Assuming you've got a system call like "asmlinkage long sys_foo(...)" in a
loadable kernel module.
You can register it with an unused system call number:

const char name[] = "foo";
rc = dyn_syscall_reg(name, syscall_no, (dyn_syscall_t) sys_foo);

If "syscall_no" is zero, I'll find a free system call number for you.
(Do check the return code. On success, it's your system call number.)
Or you can register your system call over an existing one:

rc = hijack_syscall(name, syscall_no, (dyn_syscall_t) sys_foo);

Having fully initialized your system call, you can make it available:

rc = syscall_unlock(name, syscall_no);

This sequence is usually included in the "module_init(...)" function.

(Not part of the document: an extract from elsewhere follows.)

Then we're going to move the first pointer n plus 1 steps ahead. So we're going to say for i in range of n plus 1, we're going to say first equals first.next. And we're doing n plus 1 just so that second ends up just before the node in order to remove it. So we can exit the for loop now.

User applications can find out what your system call number is by consulting
"/proc/sys/kernel/dynamic_syscalls/foo" or
"/proc/sys/kernel/hijacked_syscalls/foo", respectively.

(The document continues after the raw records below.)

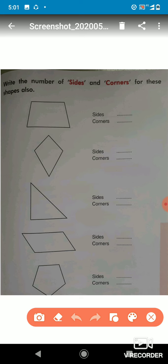Now let's see this one — how many sides are there? Let's count: one, two, three, four. So we will write the number of sides as four. Now we have to count the corners: corner one, corner two, three, and corner four. I have marked a round circle at each corner point so you can understand. The corners are also four.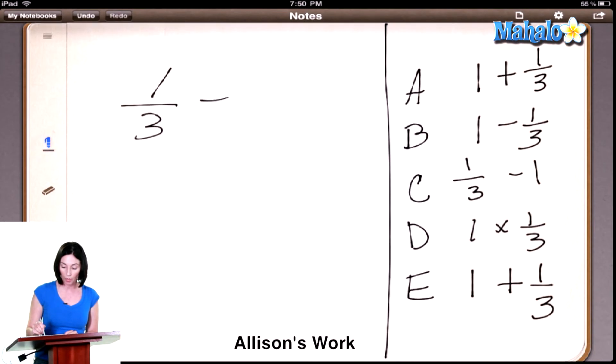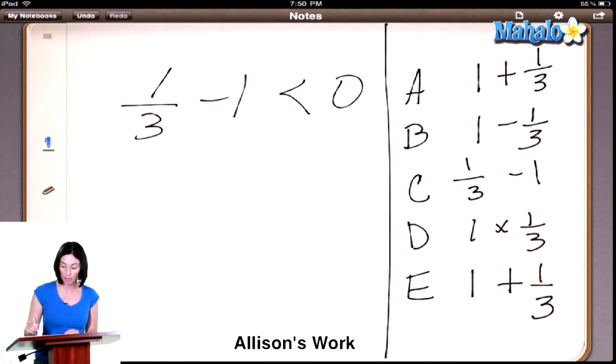This is actually one of those problems where you could sit and figure out what one plus a third and one minus a third and all of that is, but you actually don't have to. A negative number is always smaller than a positive number, always. So all you have to do is look and see if any one of these numbers is negative. Which one? C. Why? Because one-third is less than one, and it's minusing one. Exactly — you're subtracting a larger number from a smaller number, so when you subtract one from one-third, you're going to get a number that's less than zero. It's going to be negative.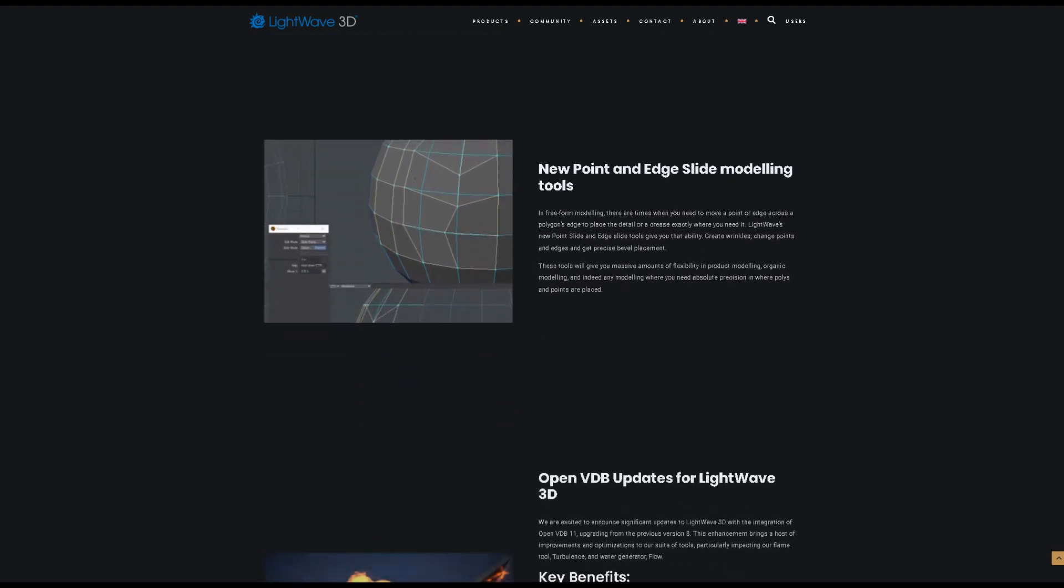In modeling, there are some features too, like new point and edge slide modeling tools. LightWave's new point slide and edge slide tools give you that ability.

Having played enough with your system call, you can launch the module unload
procedure, without worrying about the "living calls" which may be "part way"
through your module:

rc = prep_restore_syscall(name, syscall_no);

This function locks out further calls to the "syscall_no" (they will be refused
with the return code "-ENOSYS"). It returns "-EAGAIN" if there is still someone
inside your system call.
In this latter case you can wait until your last client leaves:

while((rc = syscall_trylock(name, syscall)) == -EAGAIN)
schedule();

If you have a blocking system call, then instead of busy waiting, wake up the
waiting tasks and go to sleep a bit in the mean time.
Finally, you can invoke:

rc = dyn_syscall_unreg(name, syscall_no);

or

rc = restore_syscall(name, syscall_no);

to remove completely your registered or hijacked system call, respectively.

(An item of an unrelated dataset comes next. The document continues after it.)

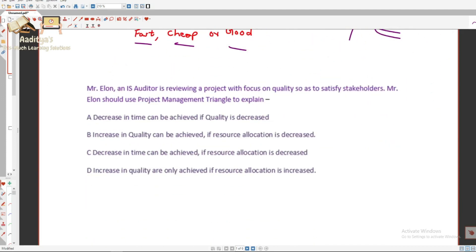Now let's look at the question on this topic. Understanding the concepts is important, but equally — I would say more important — is reading skills: how to read a question, how to identify hidden hints, how to think from the IT auditor's angle and ISACA's mindset. Sometimes because of one word, the meaning of the question or an option changes completely.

This sequence is usually included in the "module_exit(...)" function.

The function prototypes are in "asm/dyn_syscall.h".

In order to configure this module, say "m" in:

Processor type and features:
Support for dynamic system calls

The patch & the demos arrive in the next mails.

Your remarks will be appreciated.

Zoltán Menyhárt

NAME

dyn_syscall_reg, hijack_syscall - Register a system call

SYNOPSIS

#include <asm/dyn_syscall.h>

int
dyn_syscall_reg(const char *name,
const unsigned int syscall_no,
const dyn_syscall_t fp);
int
hijack_syscall(const char *name,
const unsigned int syscall_no,
const dyn_syscall_t fp);

DESCRIPTION

"dyn_syscall_reg()" and "hijack_syscall()" are exported services
available for loadable kernel modules.

"dyn_syscall_reg()" registers a new, dynamic system call.
If "syscall_no" is zero, then an otherwise unused system call number
will be assigned.

"hijack_syscall()" registers a system call which overloads an
existing one.

"name" points to a string that shall persist while the system call is
alive.

"syscall_no" should be in the range of
[__NR_ni_syscall + 1... __NR_ni_syscall + NR_syscalls).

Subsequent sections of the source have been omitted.